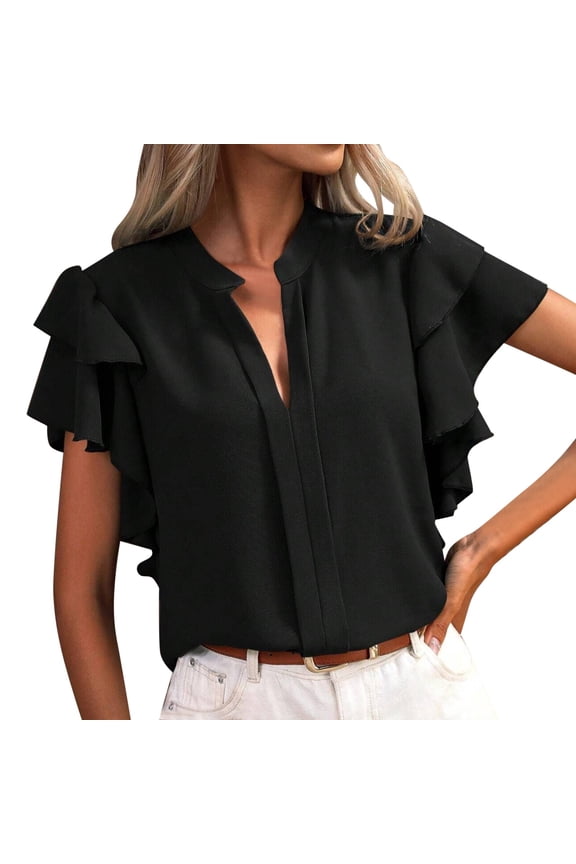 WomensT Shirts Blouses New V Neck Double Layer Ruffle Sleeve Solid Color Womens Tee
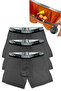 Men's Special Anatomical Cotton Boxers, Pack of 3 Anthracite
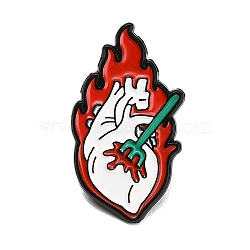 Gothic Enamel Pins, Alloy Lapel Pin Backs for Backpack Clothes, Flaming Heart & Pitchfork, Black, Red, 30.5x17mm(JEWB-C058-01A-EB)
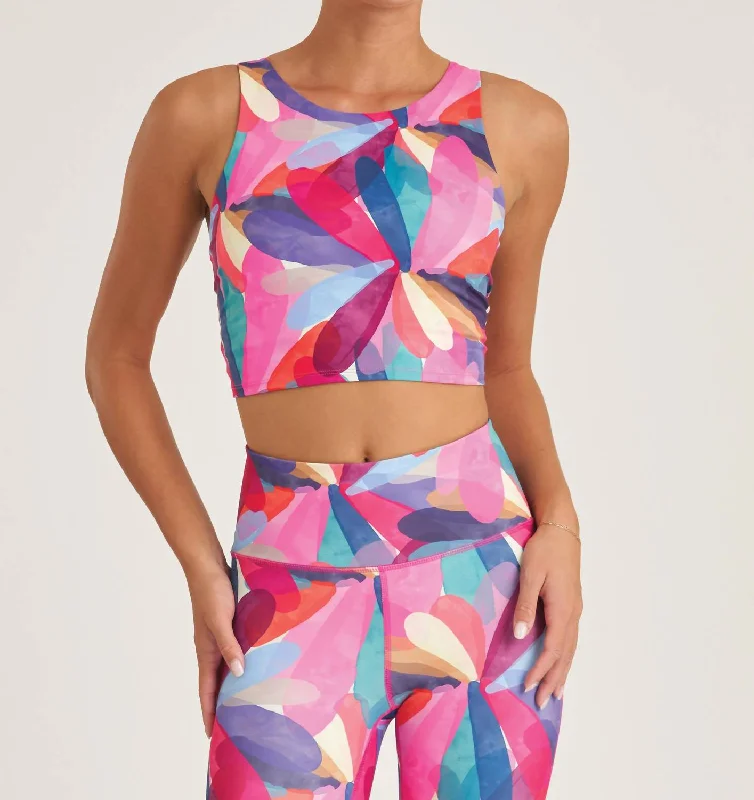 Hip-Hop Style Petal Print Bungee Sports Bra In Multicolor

______________________________

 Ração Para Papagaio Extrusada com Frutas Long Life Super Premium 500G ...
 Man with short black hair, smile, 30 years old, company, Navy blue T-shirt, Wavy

______________________________

→ **What this task involves**: Repeat exactly the lines above, beginning at the one containing "WomensT Shirts Blouses" and ending at the one containing "Hip-Hop Style Petal". Do not carry over any pictures.

→ **Result of this task**:
 WomensT Shirts Blouses New V Neck Double Layer Ruffle Sleeve Solid Color Womens Tee
 Men's Special Anatomical Cotton Boxers, Pack of 3 Anthracite
 Gothic Enamel Pins, Alloy Lapel Pin Backs for Backpack Clothes, Flaming Heart & Pitchfork, Black, Red, 30.5x17mm(JEWB-C058-01A-EB)
 Hip-Hop Style Petal Print Bungee Sports Bra In Multicolor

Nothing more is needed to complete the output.